On one hand one must be careful of this kind of mathematical reductionism, because physics is really the only place laws this absolute apply and even in physics they don't really. Those "special cases" always go on to a whole set of new laws we had barely been able to imagine before. Newtonian physics are very good at describing what we can see and experience, but learning about the "bigger issues" (what are matter, energy and space, anyway?) always involves that small minority of cases - speeds we can't achieve (relativity), scales so small we can't see (quantum mechanics), and energy levels we could never before have dreamed of (supercolliders). Laws and statistics only show a glimpse - and while this doesn't mean that they're useless, it doesn't show that they're infallible either. Then again, a digital photograph is also "just a collection of data" - so take either with a grain of salt.
This being said, there are too many cases where such numbers "line up" even if taken from very different data, to write these analyses off. In terms of settlement size, this kind of math is already very prevalent. An urban geographer would talk about things like the size of cities in most countries/regions, the xth largest city will be roughly 1/xth of the size of the largest. An anthropologist might talk about different kinds of societies, and how the number of such levels often relate fairly well to how governance in such societies - tribes, chiefdoms and states etc. And all of these observations would come with huge caveats.
In terms of West's analysis, we always have to be careful how we define resources used in an urban and rural context. Cities require heavy importation of resources to be possible at all, and larger cities tend to import more (at a rate I'm sure West could find an equation for). This goes a long way toward explaining why measures like trade-based economic indicators and local rates of emmissions tend to show benefits for larger cities.

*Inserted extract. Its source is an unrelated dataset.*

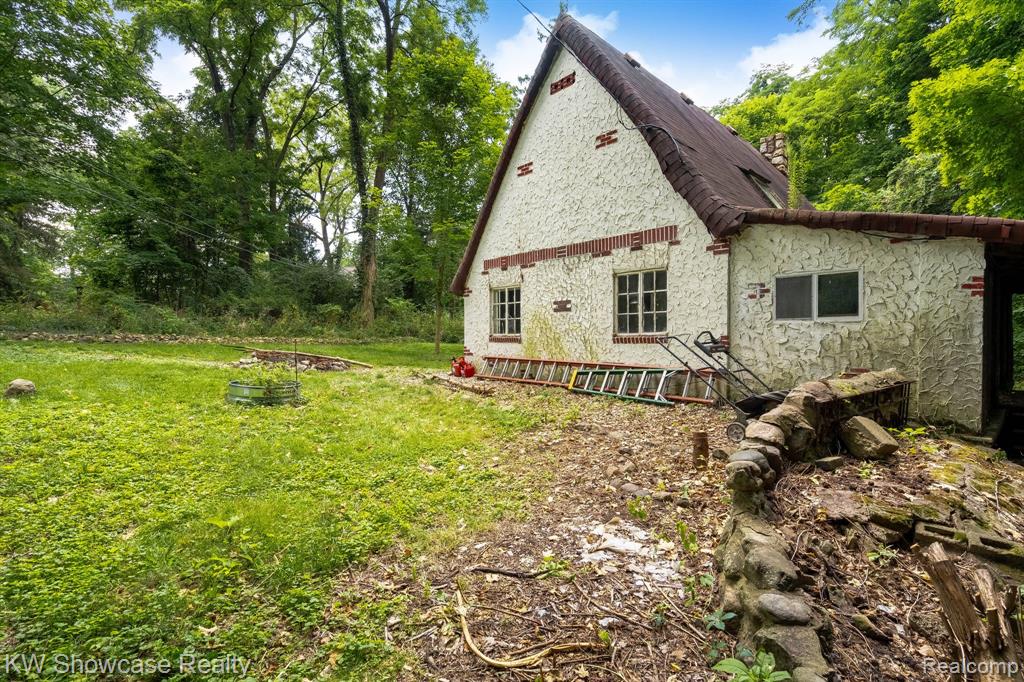 main property photo 13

To relate it to this topic, the trend I would refer to is the way very rich areas tend correlate very closely - Canada's richest (West Van) and poorest (The Lower East Side) neighbourhoods almost face each other, each being a short trip from each side of the Lions Gate Bridge in Vancouver. Much like how Hamilton and Oakville face each other across the Skyway, or even Durand and Beasley. The lesson here being that concentrating either any income group is likely to relate strongly to other concentrating income groups nearby, and that either policies of integration or exclusion tend to be fairly self-reinforcing. This is where ideas like LRT come in, which provide a host of benefits for many different groups, as well as driving a larger regional integration in a very efficient way.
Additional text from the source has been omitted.